プロローグ
ふわーあ。
眠い。
眠いわ。
寝たい。
まだまだごろごろしてたい。
ずっとずっとずっとごろごろうとうとしていたい。
××××××××××××××××××××××××××××××××××××××××××××
「・・・んんん?」
何故だ。
妙に明るい。
おかしいな。
私が眠っているのは地下深いダンジョンの最奥で、えーとたしか地下500階くらい?だったと思う。
長いこと寝てたし寝る前の記憶はちょっとばかしやけくそな心理状態だったものであんまり覚えていない。
ううむ。
ごろごろ、ごろごろ。
とりあえず床を転がりながら記憶を探ってみるとしよう。
えー。
えー。
うー。
・・・むむむ。
よりによって一番思い出したくない記憶が頭に浮かんでしまったじゃないか。
なんだって思い出すんだよ私の馬鹿。
あああぁぁチクショウ!
どうせ私は貧乳だし色気はないよ。
スレンダーなんだよ。
どうせ男は巨乳が好きなんでしょうよ。
例え神でもね。
ー吾輩は神である、名前はまだない。
うそ。
名前はある。
ありますよ。
イクステリアって名前が。
ええ、豊穣の女神イクステリアっていうのが私の名前だ。
ちっこいまだ生まれたての世界をようやく任されたばかり。
しかも一人ではなく三人組でのお仕事だ。
私、エマーリエ、グダル、の三人で。
エマーリエは海の女神。
グダルは私とエマーリエのお目付け役で監督役の創造神。
グダルが世界の基礎を造りエマーリエが海を造り私が大地を造った。そこに三人であーだこーだ言い合いながら様々な生き物を造って。
楽しかったなあ。
うん、楽しかったよ。
あの頃は。
なんつーか希望に満ち溢れてるってゆーの?
いつまでもこうして三人仲良しこよしで素敵な世界を造って、その世界を見守って、たくさんの人に信仰してもらって。

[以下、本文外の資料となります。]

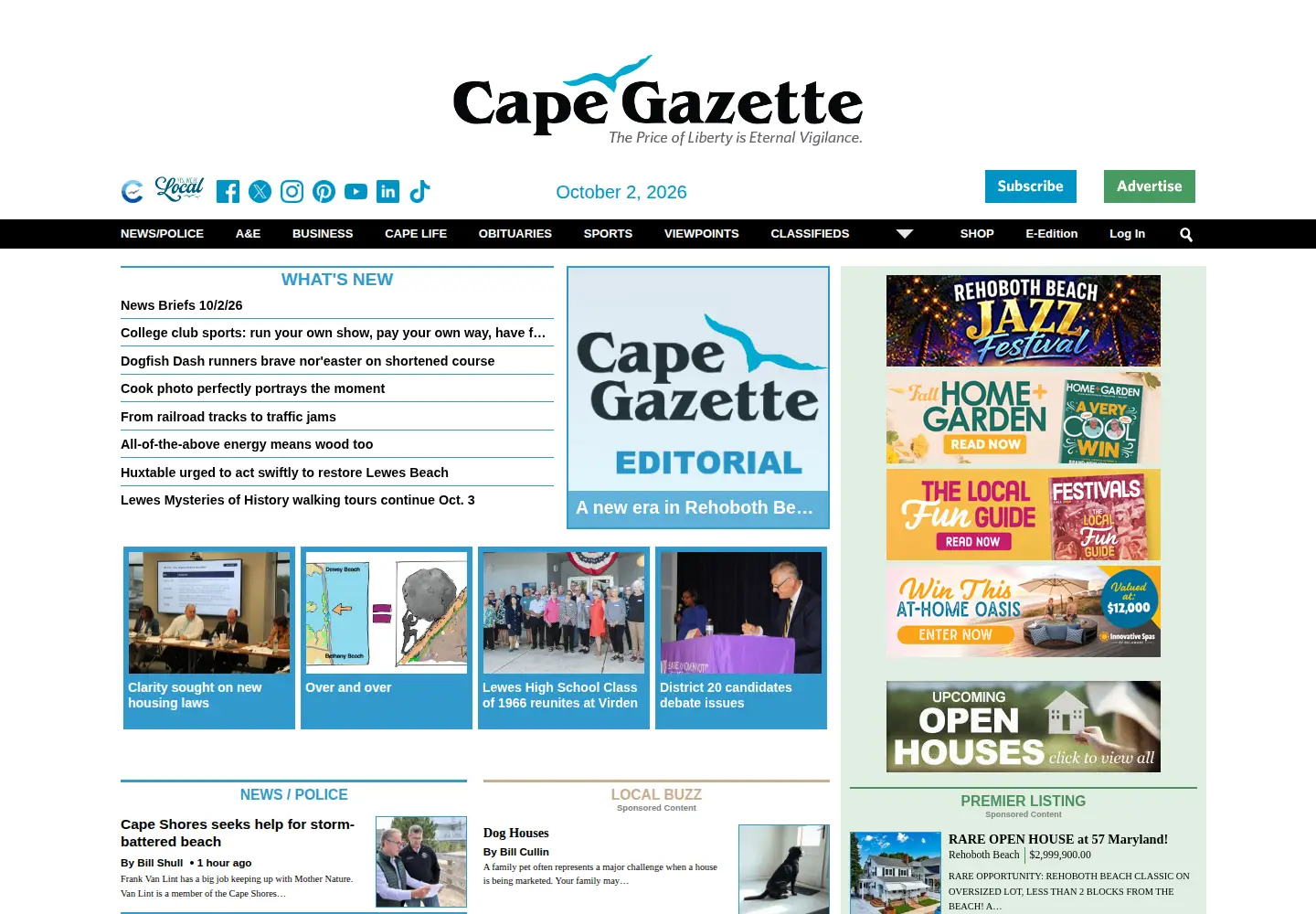 Screenshot of capegazette.com
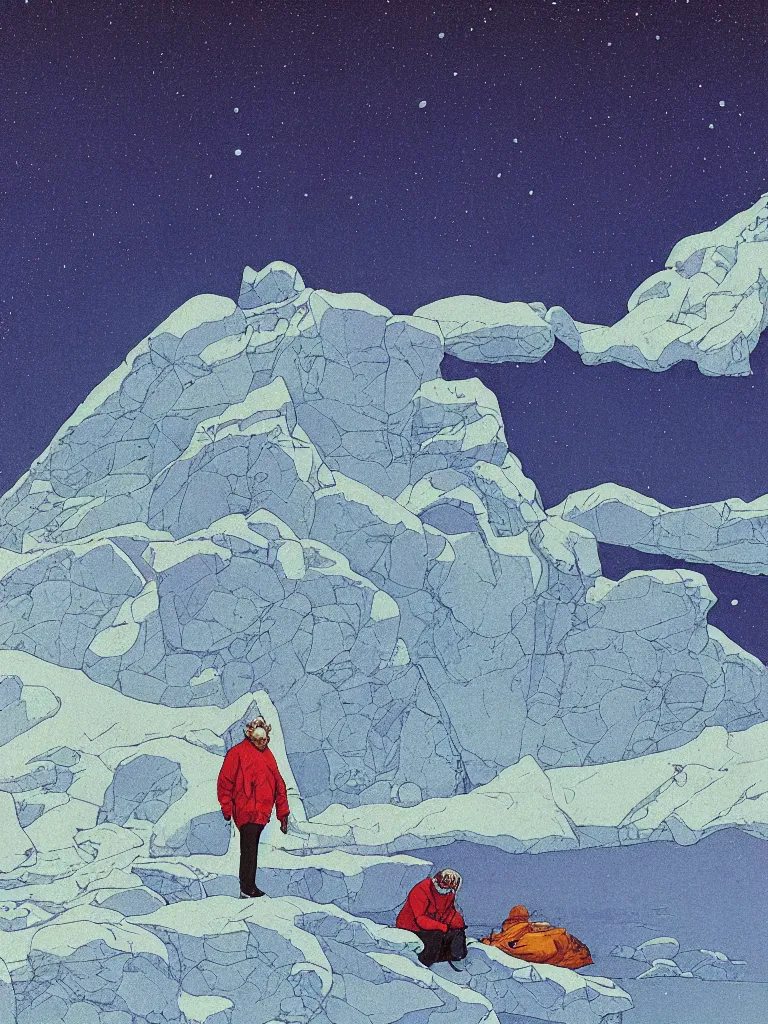 Image similar to a closeup portrait of an old man taking mind altering drugs, a blotter paper of lsd acid and dreaming psychedelic hallucinations in the vast icy landscape of antarctica, by kawase hasui, moebius, edward hopper, colorful flat surreal design, dramatic lighting, hd, 8 k, artstation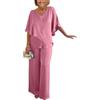 shownicer Completo Donna Elegante Tailleur in Raso 2 Pezzi Set Completi di Pantaloni da Cerimonia Due Pezzi Set Taglia Grande Abbigliamento per Business e Matrimoni D Rosa Chiaro 3XL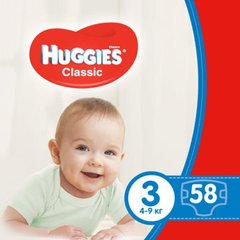 Підгузки Huggies Classic 3 Jumbo (4-9 кг) 58 шт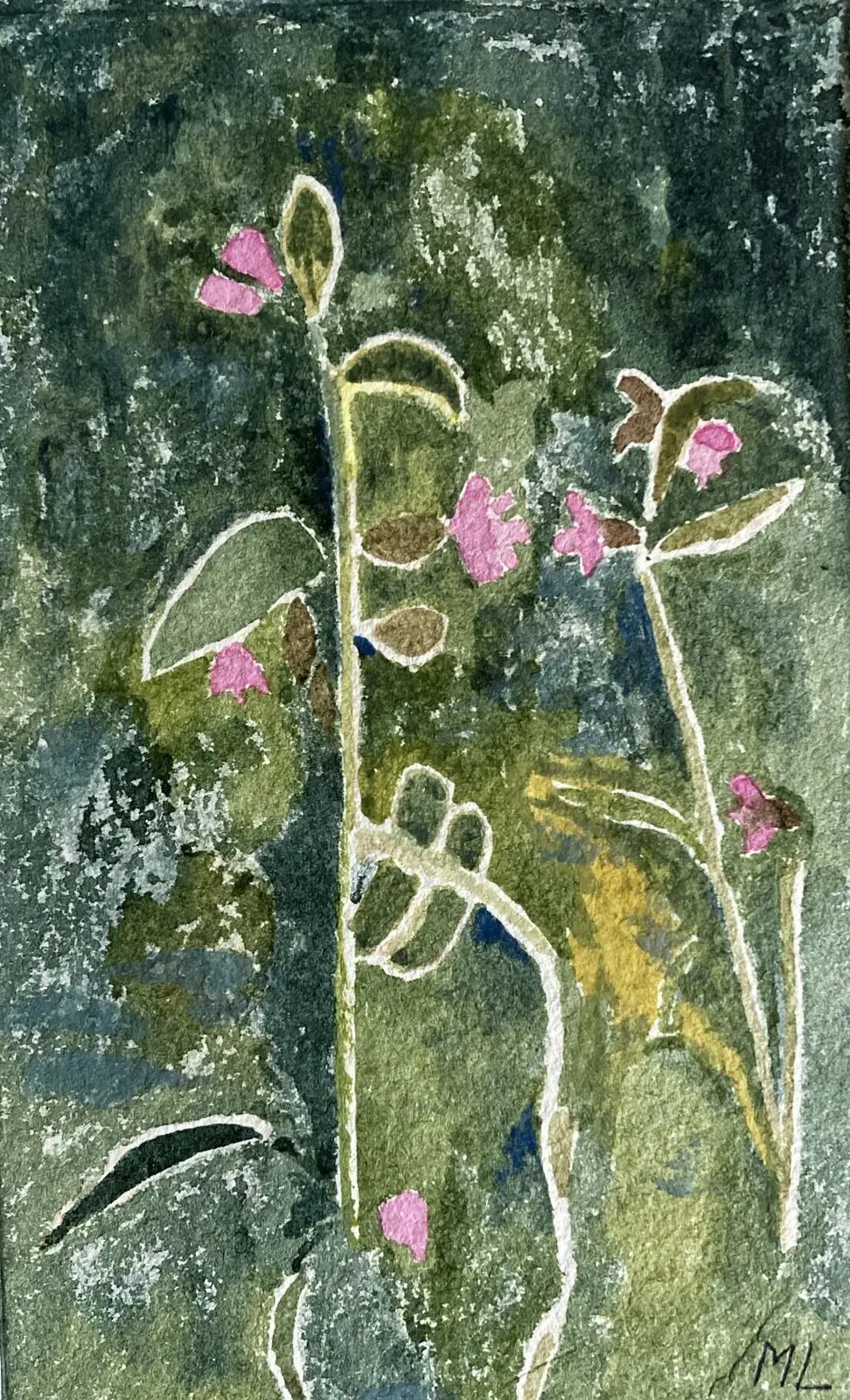Liten näva, äggoljetempera av Margita Lundman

神ポイントジャンジャン貯めてそのうち出世してまた別の世界を今度は一人で任されて。
いつかは上位神の仲間入りしてさ。
そしたら私みたいな新入りをこき使って己れは神殿でごろごろ悠々自適な生活を、なんて。
思っていた頃もありました。ええ。
ありましたとも。
ふふ。
ふふふ。
うふふふふ・・・ハァ。
歯車が狂い始めたのは世界が安定し出して少したった頃か。
私は恋をした。
相手はグダル。
無理はないと思うのよ。
だって三人きりの仲間だしさ。同族だしさ。
たった一人の身近な男。
しかも頼れる先輩。
見た目はあんまり好みじゃなかったけど。
いや、神だし?美形ではあったけど正直好みのタイプではなかったはずなのよ。
わりとごついし顔濃いし筋肉大好きだしさ。
私のもともとの好みはどちらかというと草食系男子。
男らしいよりかわいい系の方が好きだ。
だったはずなんだけど・・・いやあ時に厳しく時に優しくね?指導されてるうちにコロッと趣旨変えしちゃいました。
我ながらアッサリ。
けど、それは私だけじゃなかった。
「心配しないで。私の好みは王子様的なタイプだし。応援するわよ」
うふふ、なーんて笑ってたクセしてあのクソビッチ。
おっと、女神ともあろうものが口が悪い。
こほん。
あー、簡単にいうとだ。
失恋したというか、とられちゃったわけです。はい。
私がどうやってアプローチしようかなんて乙女みたいに悩んでる間にいつの間にかエマーリエとグダルの二人は出来てた。
久しぶりに三人で世界の様子を確認しよう、と集まった場でいちゃラブする二人。
やに下がってデレデレのグダルと申し訳なさそうにしながらもどこか勝ち誇った様子で私を見るエマーリエ。
その時の私のショックたるやもはやそのあと何を見たのかも何を話したのかもどうやって自分の神殿に帰ったのかも覚えていない。
いや、帰ってないや。
あー、そーだった。
近くのダンジョンにこもってさんざんやけ酒飲んでやけ食いしてそのままふて寝したんだった。
ーんで、今に至る、と。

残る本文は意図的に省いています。